BANGKOK, 25 September 2013 The Cabinet has endorsed Thai Airways International Plc. to establish the Thai Smile airline to compete in the low-cost airline segment, believing that the new company will be able to generate almost 2 billion baht of annual profit by the year 2017.
According to Chalitrat Chantharubeksa, deputy spokesperson to the Office of the Prime Minister, the endorsement is for Thai Airways to establish the wholly-owned company with registered capital of 1.8 billion baht. Thai Airways will hold 100% of the 180 million shares in Thai Smile, which is slated to take over operations in 14 of its parent company’s regional routes.
According to Mr. Chalitrat, Prime Minister Yingluck Shinawatra has told the Ministry of Transport and Thai Airways executives to oversee the corporate culture aspect and prevent conflicts between the parent and daughter companies. It has also been emphasized that a clear market must be designated for the new airline, as Thai Airways already is a major shareholder of Nok Air, which operates low-cost domestic flights.

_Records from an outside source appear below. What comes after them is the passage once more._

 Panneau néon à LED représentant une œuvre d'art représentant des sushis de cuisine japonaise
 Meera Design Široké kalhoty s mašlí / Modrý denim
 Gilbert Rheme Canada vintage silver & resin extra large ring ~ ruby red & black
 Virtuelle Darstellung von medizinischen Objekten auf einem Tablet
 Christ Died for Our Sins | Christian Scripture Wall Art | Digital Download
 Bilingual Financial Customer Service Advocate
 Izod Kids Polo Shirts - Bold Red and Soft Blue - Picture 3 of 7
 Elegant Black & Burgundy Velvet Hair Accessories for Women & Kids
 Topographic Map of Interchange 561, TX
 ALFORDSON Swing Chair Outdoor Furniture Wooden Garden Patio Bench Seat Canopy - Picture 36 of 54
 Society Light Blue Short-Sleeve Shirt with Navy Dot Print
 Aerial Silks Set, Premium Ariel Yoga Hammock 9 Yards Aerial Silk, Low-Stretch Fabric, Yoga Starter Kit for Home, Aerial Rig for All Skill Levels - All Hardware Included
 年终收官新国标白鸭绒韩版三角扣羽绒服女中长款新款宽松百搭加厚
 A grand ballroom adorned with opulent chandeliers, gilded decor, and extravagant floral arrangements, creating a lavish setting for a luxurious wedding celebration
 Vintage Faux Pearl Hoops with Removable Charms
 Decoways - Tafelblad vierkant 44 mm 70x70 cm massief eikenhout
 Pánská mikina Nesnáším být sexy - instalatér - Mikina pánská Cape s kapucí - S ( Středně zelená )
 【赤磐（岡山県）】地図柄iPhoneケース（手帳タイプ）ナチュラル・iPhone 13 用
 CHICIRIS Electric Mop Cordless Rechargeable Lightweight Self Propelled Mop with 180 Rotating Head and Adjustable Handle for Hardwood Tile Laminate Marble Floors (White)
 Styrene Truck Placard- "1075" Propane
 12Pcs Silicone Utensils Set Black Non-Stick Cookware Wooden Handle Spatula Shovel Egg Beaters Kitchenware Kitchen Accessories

Mr. Chalitrat indicated that Thai Airways will now put emphasis on operating long-haul flights with ‘premium full service’ using wide-body aircraft, and utilizing Suvarnabhumi Airport as base. Thai Smile will focus on domestic and regional flights that are no longer than 4 hours in duration using narrow-body aircraft based at Suvarnabhumi airport. It will also operate with an aim to become a leading carrier within the ASEAN Economic Community and to have Nok Air, which is based at Don Mueang Airport, become a low-cost regional carrier that operates narrow-body jetliners and smaller aircraft in a point-to-point fashion.
Mr. Chalitrat said Thai Smile is expected to carry 5.3 million passengers and generate 8% net profit per year by 2015.